First, we will prove the minimal tree of $ln{\mathcal{T}}_f\left(T\right)$ is $S_{d,n-d}$ or $S_n$. Let $\left|p\right(T\left)\right|$ represent the sum of pendent vertices in T. If $\left|p\right(T\left)\right|=n-2$ or $n-1$, then T can only be the double star $S_{r,n-r}$ or star $S_n$, where $2\le r\le \lfloor {\displaystyle \frac{n}{2}}\rfloor$. Thus, we assume that $\left|p\right(T\left)\right|\le n-3$ for the rest of the proof.

Assuming that $T_0$ is a new tree obtained by removing all pendent vertices from T, we have $|V\left(T_0\right)|=n-|p\left(T\right)|\ge 3$, and $d_T\left(v\right)\ge 2$ for any $v\in V\left(T_0\right)$. Now, consider two edges, and suppose that $\left\{uv\right\}$ and $\left\{vw\right\}$, such that $\{uv,vw\}\subseteq E\left(T\right)$. Without loss of generality, let $d_T\left(u\right)\ge d_T\left(v\right)$. By Transformation 2, a new tree $T^{\prime }$ is generated from T, such that $|p\left(T^{\prime }\right)|-|p\left(T\right)|=1$. According to Lemma 9, we have $ln{\mathcal{T}}_f\left(T\right)<ln{\mathcal{T}}_f\left(T^{\prime }\right)$.

If $\left|p\right(T^{\prime }\left)\right|$ is not equal to $n-2$, then using Transformation 2 again for $T^{\prime }$, we can finally obtain the double star $S_{r,n-r}$. Therefore, according to Lemma 9, $ln{\mathcal{T}}_f\left(T\right)<ln{\mathcal{T}}_f\left(T^{\prime }\right)$.
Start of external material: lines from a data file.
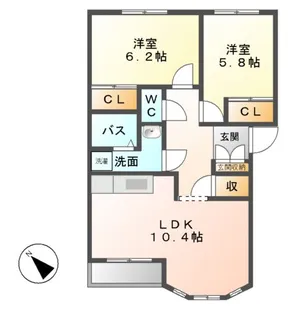 グランバード【1階】の間取り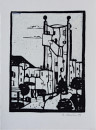 Unterm Regenturm, 2009, Linolschnitt auf Bütten, 14x19cm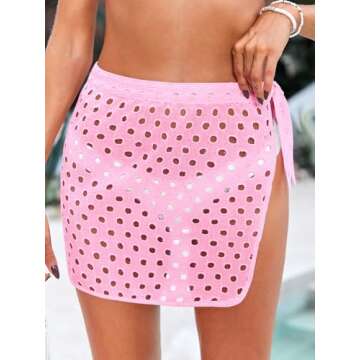 Saodimallsu Women's Crochet Cover Up Skirt 2024 Beach Mesh Slit Tie Waist Mini Wrap Skirts Pareo Swi...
Second, we will prove that $ln{\mathcal{T}}_f\left(S_n\right)<ln{\mathcal{T}}_f\left(S_{r,n-r}\right)$. Note that

$$\begin{array}{ll}& ln{\mathcal{T}}_f\left(S_{r,n-r}\right)\\ & =(r-1)lnf(1,r)+(n-r-1)lnf(1,n-r)+lnf(r,n-r)\\ & =lnf{(1,r)}^{r-1}·f{(1,n-r)}^{n-r-1}·f(r,n-r).\\ & ln{\mathcal{T}}_f\left(S_n\right)=(n-1)lnf(1,n-1)=lnf{(1,n-1)}^{n-1}.\end{array}$$

By the condition $f{(1,r)}^{r-1}·f{(1,n-r)}^{n-r-1}·f(r,n-r)>f{(1,n-1)}^{n-1}$, we obtain the following:

$$\begin{array}{l}ln{\mathcal{T}}_f\left(S_{r,n-r}\right)-ln{\mathcal{T}}_f\left(S_n\right)\\ =lnf{(1,r)}^{r-1}·f{(1,n-r)}^{n-r-1}·f(r,n-r)-lnf{(1,n-1)}^{n-1}\\ =ln{\displaystyle \frac{f{(1,r)}^{r-1}·f{(1,n-r)}^{n-r-1}·f(r,n-r)}{f{(1,n-1)}^{n-1}}}\\ >ln1=0.\end{array}$$

Therefore, the theorem holds true. □

6. Applications

Note that if $f(x,y)=\sqrt{\left(xy\right)}$, ${\left(xy\right)}^{\alpha }(\alpha \ge 1)$, $x^2+y^2$, $\sqrt{x^2+y^2}$, $\sqrt{{(x-1)}^2+{(y-1)}^2}$, ${(x+y)}^{\alpha }(\alpha \ge 1)$, $x+y+xy$, ${(x+y+xy)}^2$, $(x+y)xy$, ${(x+y+xy)}^2$, and $\sqrt{(x+y)xy}$, then the conditions of Theorem 1 are matched. Thus, as an application of Theorem 1, we declare that the minimal tree is $P_n$ for the logarithmic VDB indices labeled in

Table 3. Extremal trees of $ln{\mathcal{T}}_f$.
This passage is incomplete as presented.